“He thinks you’re upset with him,” she said, setting the mugs down, black in front of Gwynn, milky at Colin’s empty place. She reached over and piled the empty plates. Gwynn said nothing, watched Penny crumple their napkins into her apron pocket. “I can guess why. He probably didn’t tell you he had an ex-wife.”
“He said there was a girl. After university.”
“Ah, me.” Penny shook her head. She had sympathetic brown eyes. “Damn fool. Yes, that girl was me. We lived together for a while, opened the restaurant, got married, woke up one day and realized it wasn’t right. So that was that.”
“He never mentioned marriage.”
“Oh, he wouldn’t, you know, unless you’d asked him outright. He’s not proud of divorcing. He’s old-fashioned enough to think a marriage should be for life. His parents’ was. My parents’ is, though they still have time to screw it up.” She laughed.

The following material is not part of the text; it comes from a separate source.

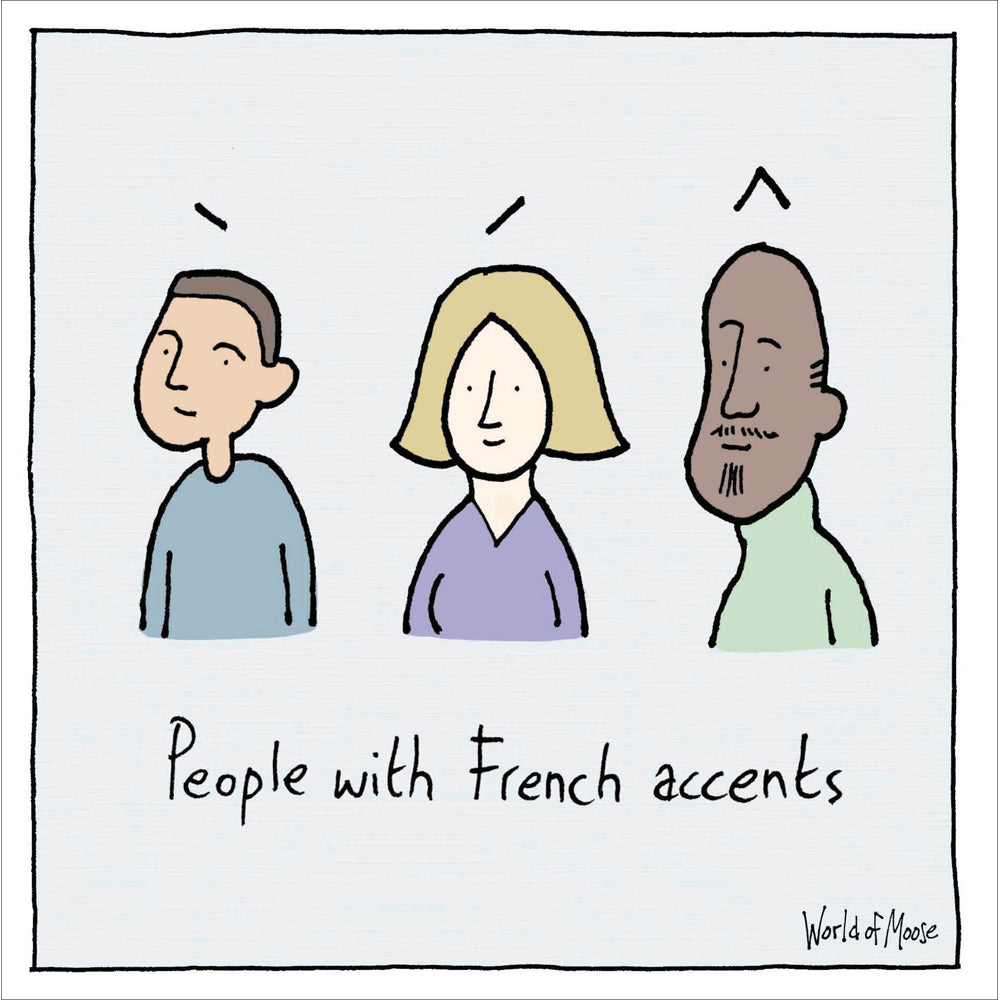 People with French accents card - Daisy Park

“People get divorced all the time.” Gwynn felt raw, like she’d been scraped.
Penny stopped in the midst of gathering the dirty dishes, staring. Her expression was of intense disappointment. “Colin’s not people.”
The rebuke was firm, and obvious.
Gwynn felt suddenly ridiculous, and petty. She looked down at her hands, still twisting her napkin into oblivion. Embarrassed, she dropped the pieces on top of the pile of dishes. “I just wish he’d told me,” she mumbled at last. “I told him—about my husband.” She raised her eyes to Penny’s face, where the expression had softened once again to a good-humored kindness. “Did he send you to talk to me?”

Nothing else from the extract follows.